BRIEF: Lines to return, exactly: from the line with "The file types" to the line with "The PRO-ENGINEER associative" in the entries below, both included.

EXTRACTED ENTRIES:
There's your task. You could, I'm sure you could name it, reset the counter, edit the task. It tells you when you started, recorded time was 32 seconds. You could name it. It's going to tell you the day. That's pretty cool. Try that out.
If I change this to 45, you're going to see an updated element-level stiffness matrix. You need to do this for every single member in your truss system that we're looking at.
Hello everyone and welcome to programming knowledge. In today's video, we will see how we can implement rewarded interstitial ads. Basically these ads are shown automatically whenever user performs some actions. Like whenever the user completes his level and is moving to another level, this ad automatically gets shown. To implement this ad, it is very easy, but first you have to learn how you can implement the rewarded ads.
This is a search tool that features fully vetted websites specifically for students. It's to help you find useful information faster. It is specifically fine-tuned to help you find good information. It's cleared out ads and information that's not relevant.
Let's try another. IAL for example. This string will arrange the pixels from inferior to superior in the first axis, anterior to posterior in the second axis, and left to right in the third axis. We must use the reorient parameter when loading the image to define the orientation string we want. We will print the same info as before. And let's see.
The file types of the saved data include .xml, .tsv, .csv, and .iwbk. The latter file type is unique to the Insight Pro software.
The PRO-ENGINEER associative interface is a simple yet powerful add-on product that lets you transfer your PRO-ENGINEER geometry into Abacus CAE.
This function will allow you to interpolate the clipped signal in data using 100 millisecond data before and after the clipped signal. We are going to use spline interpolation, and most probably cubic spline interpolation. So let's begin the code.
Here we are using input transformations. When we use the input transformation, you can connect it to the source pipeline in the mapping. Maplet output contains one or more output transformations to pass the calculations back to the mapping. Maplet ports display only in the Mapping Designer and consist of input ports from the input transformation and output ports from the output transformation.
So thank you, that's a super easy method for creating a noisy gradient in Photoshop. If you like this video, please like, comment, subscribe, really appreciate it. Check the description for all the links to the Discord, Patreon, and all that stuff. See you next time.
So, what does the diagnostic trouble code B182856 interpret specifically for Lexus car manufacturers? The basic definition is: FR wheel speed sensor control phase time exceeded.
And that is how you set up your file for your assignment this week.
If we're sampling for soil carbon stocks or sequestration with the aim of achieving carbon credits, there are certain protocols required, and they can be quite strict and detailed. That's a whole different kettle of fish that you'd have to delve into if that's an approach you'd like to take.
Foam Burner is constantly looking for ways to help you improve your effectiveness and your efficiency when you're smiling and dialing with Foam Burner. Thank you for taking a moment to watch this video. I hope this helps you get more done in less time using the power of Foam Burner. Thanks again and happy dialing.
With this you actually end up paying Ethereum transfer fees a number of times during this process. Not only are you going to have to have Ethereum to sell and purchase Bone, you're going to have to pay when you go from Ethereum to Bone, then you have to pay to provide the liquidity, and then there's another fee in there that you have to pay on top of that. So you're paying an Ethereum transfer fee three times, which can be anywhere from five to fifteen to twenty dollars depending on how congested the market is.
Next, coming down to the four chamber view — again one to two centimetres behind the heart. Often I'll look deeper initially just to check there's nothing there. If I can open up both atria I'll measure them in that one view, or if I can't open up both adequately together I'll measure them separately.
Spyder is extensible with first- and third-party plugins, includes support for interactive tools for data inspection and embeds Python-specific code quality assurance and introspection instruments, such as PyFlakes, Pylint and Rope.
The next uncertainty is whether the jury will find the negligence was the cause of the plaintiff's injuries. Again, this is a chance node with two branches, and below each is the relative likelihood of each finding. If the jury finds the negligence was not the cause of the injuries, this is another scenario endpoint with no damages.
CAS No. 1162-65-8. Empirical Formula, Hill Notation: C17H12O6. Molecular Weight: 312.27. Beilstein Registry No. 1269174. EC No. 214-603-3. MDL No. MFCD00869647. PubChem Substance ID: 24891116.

YOUR RESPONSE:
The file types of the saved data include .xml, .tsv, .csv, and .iwbk. The latter file type is unique to the Insight Pro software.
The PRO-ENGINEER associative interface is a simple yet powerful add-on product that lets you transfer your PRO-ENGINEER geometry into Abacus CAE.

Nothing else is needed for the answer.